I don't understand why. They happily understand exchange of money for goods, at least - they ought. Unless, they don't. When they take their ski trips, do they not pay people for food? For shelter? Why do they think the $30 dollar bottle of hair product is worth it? I mean, their computers need fixing too. I get frustrated that I have to buy cleaning supplies, but after living in some lichen-coated ogre-caves in my past, I wouldn't be caught dead without at least a bottle of bleach. .
Metrics, in this case, justify something that ought need no justification. Tech Support is the second customer service. Once the item has been sold, follow-up falls, mostly, on service. If service is handcuffed to metrics, or poorly staffed, or poorly paid, you lose your ability to create meaningful and important customer experience. Yes, you will have a trickle of naive and bright-eyed techs who will begin the job with open-hearts. But your system will turn them into cowering, mumbling misanthropes in six months. And then, you'll need a retention team.
My point is exactly this: Metrics should never cost the customer experience. The customer experience needs to be managed. If you manage the customer they will have a bad experience.
Truth is, metrics are not all bad. On the contrary, someone I admire, Jon Taffer, uses a type of metric called analytics. He touts the "science of the bar business." He uses these metrics to aid the bar in increasing profit. But bars make money by improving and lengthening the positive customer experience. It's may sometimes come off as if you your chairs are 5 cm higher then profits increase 10%, but only because on TV, they edit and use shorthand. Bars make money on happy, well-served, pleasantly-buzzed-and-entertained customers. If a metric increases short-term profit for a bar at the cost of long term customers - then it isn't used.
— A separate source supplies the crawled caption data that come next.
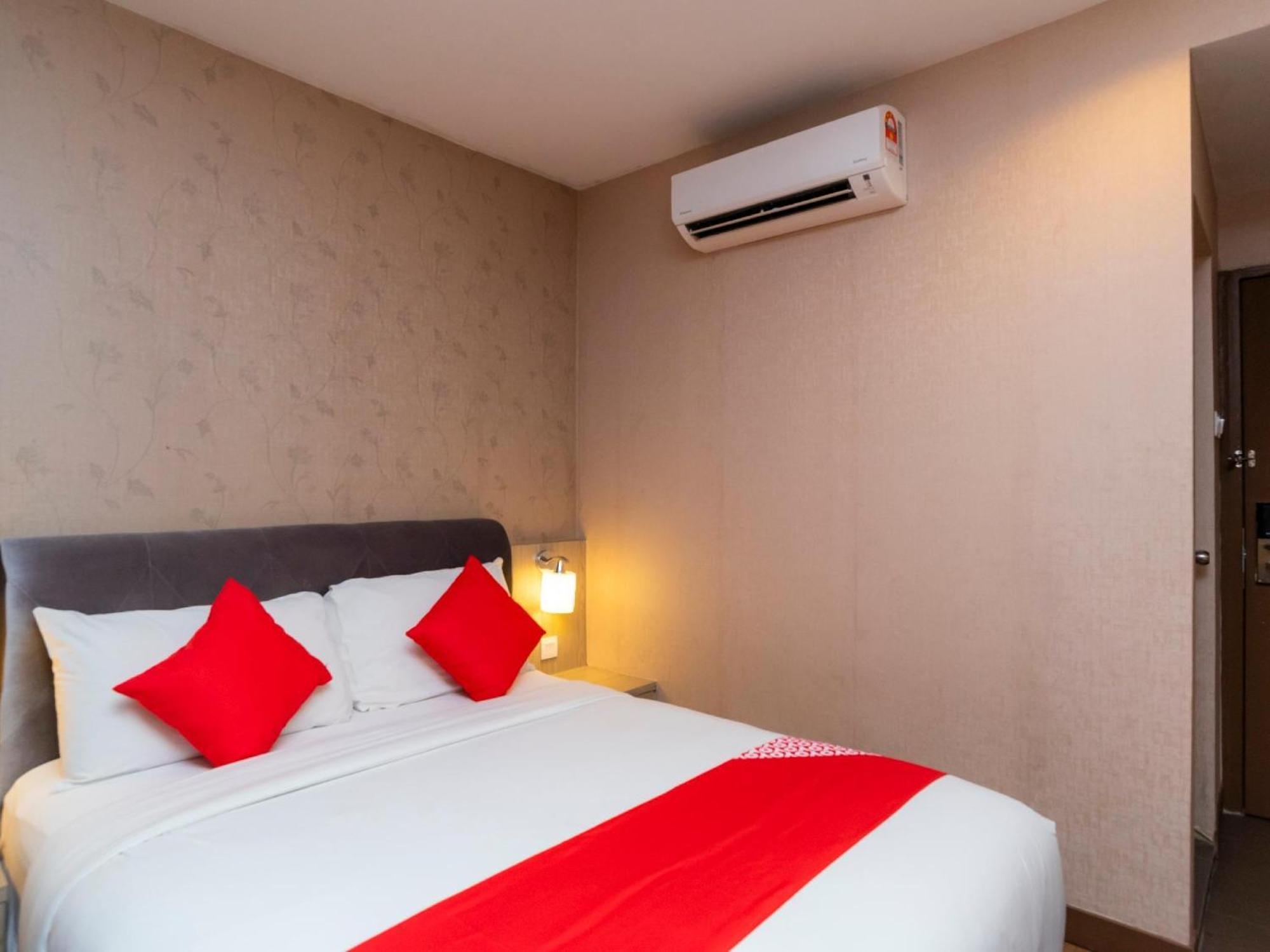 Hotel 101 Ulu Tiram Luaran gambar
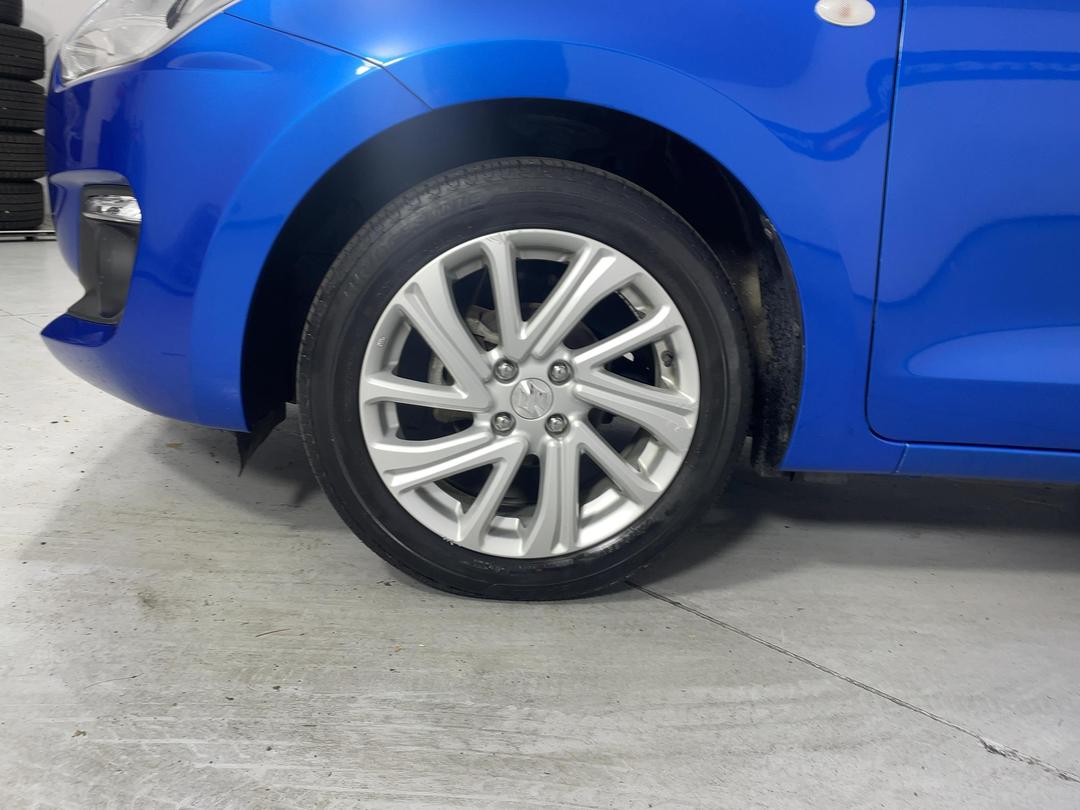 Photo '10' of Suzuki Swift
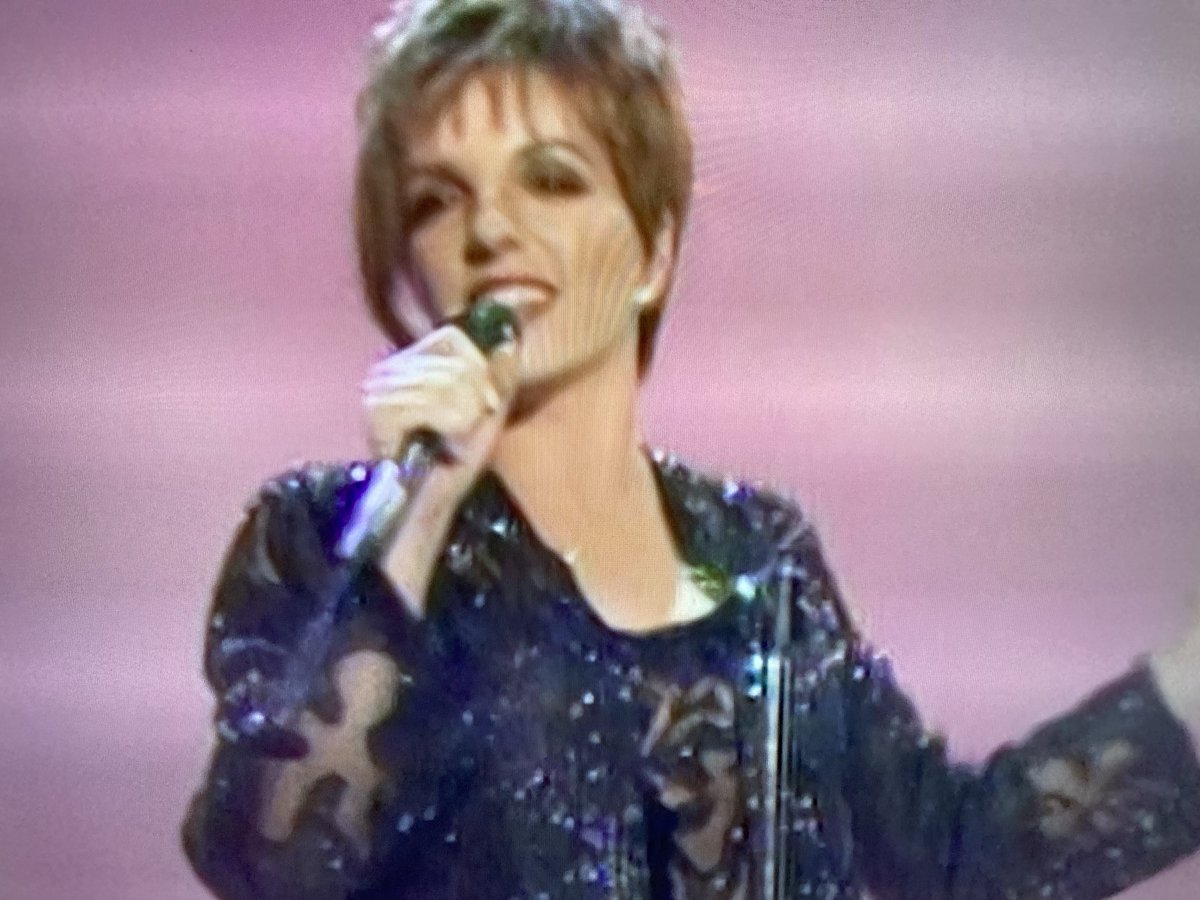 Liza Minnelli looks absolutely wonderful here. #PetShopBoysAtTheBBC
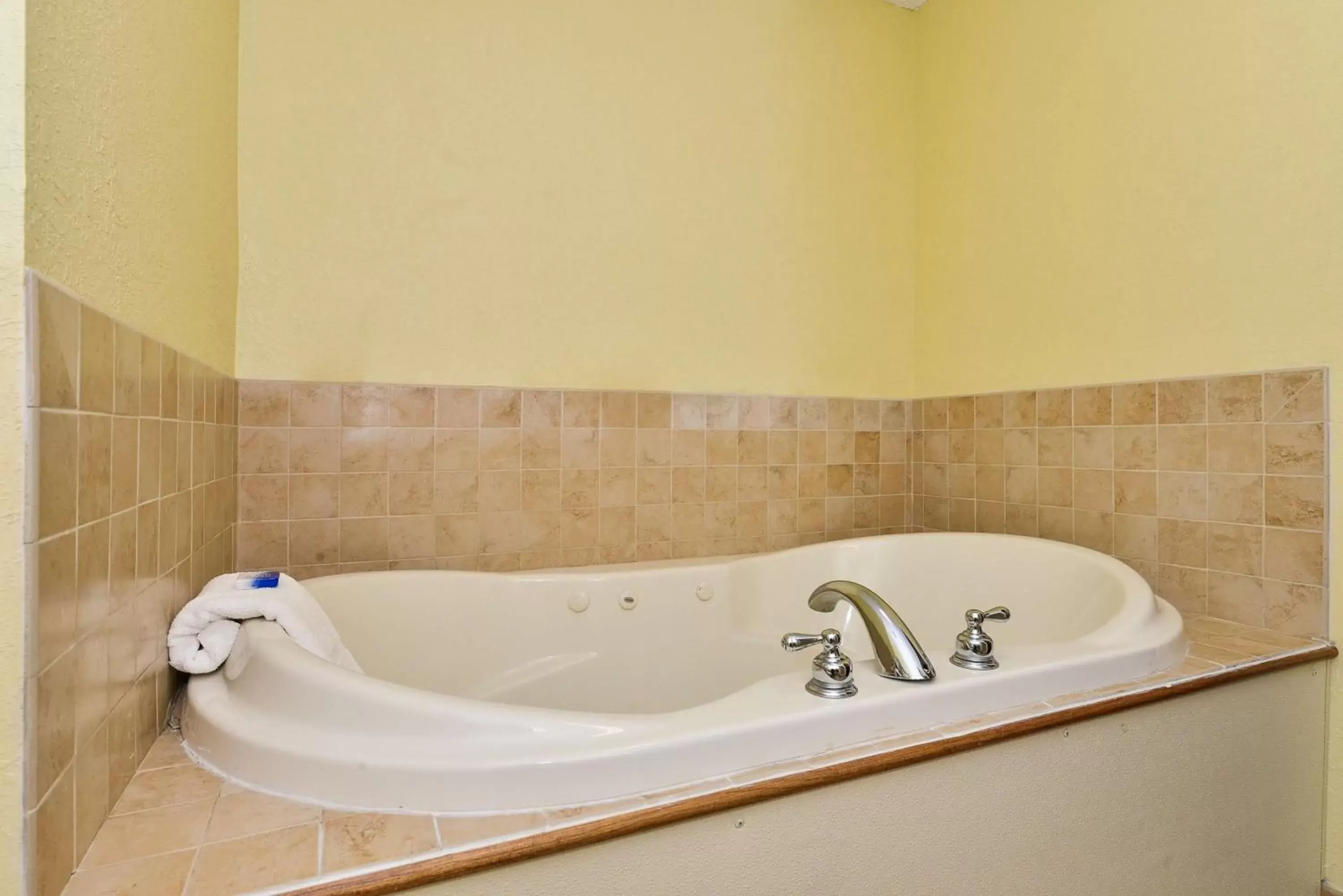 Photo of the whole room, Bathroom in Best Western Plus Crossroads Inn & Suites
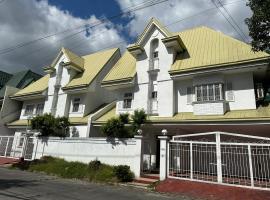 Manila में, होटल 6-Bedroom Duplex with pool near NAIA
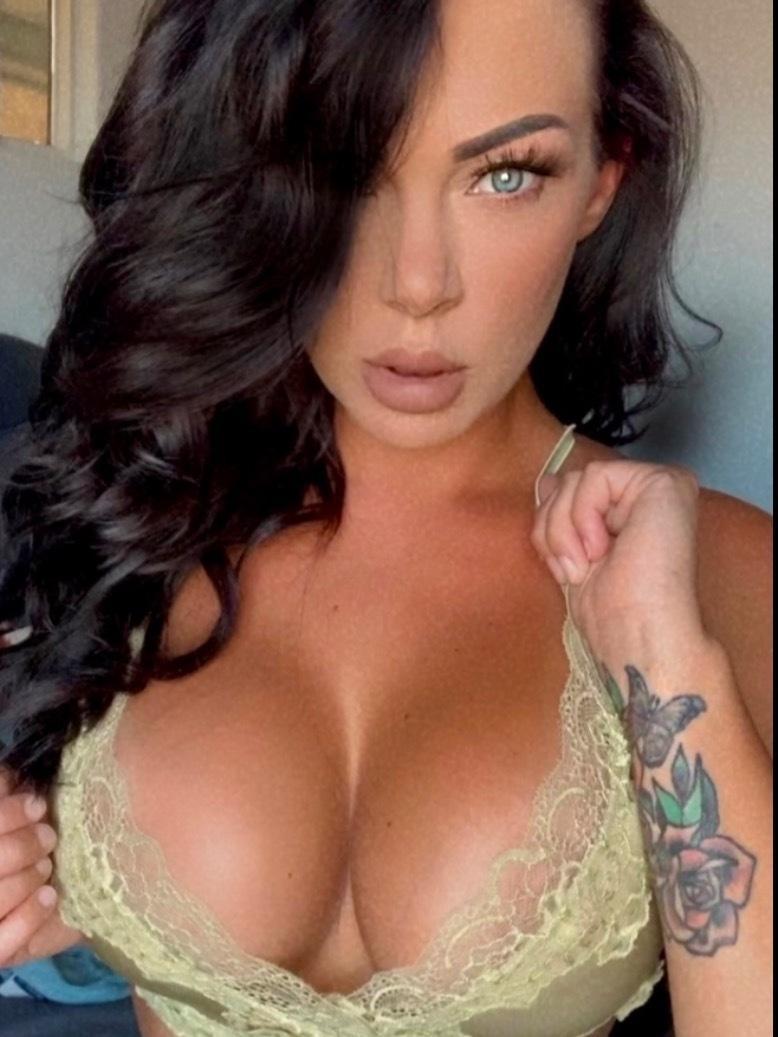 💖𝙃𝙤𝙧𝙣𝙮 𝙇𝙞𝙩𝙩𝙡𝙚 𝙃𝙤𝙪𝙨𝙚𝙬𝙞𝙛𝙚💖 profile image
Growth under the current system that puts profit first will fall. Profit is important, despite my difficulty understanding work, I can understand profit.
Good service, a good product, and good follow-up, is not a detriment to service. You don't make profit and then, as an afterthought, offer a good experience, or an experience. You don't begrudgingly slough off to work, petulant and angry like a spoiled child, (or yours truly). You don't try to mitigate it as a "unfortunate and unintended consequence."
You offer a service and a good experience, and, in trade, you are provided other services or goods, or the shorthand, money.
Imagine! Imagine the bar that, as a a consequence, has nice lighting and a dance floor. "What do you mean, we have to have good liquor and clean bars? I just want to sell drinks!" or a Pizza place? "Quality ingredients? Psh! Just sell them them ground up cardstock!*" How many people would be impressed by an executive with unwashed hair and a ratty suit?
And, as customers go elsewhere (assuming they can - Telecoms have the system locked up). You are left with needing "Retention specialists", basically glorified beggars and strong-arm experts who's sole purpose is to keep your unhappy customers on the hook. You are no better than some back alley clip joint.
If you need metrics to justify your position, you haven't adequately managed your value. And if you need, god help you, an extortionist in "retention." then you aren't providing a service worth retaining.
* I am talking to you Pizza Hut. Little Caesar's tastes better. And it's cheaper. You should be ashamed.
** It's just me, but I put on a spiffy bowler and a monocle.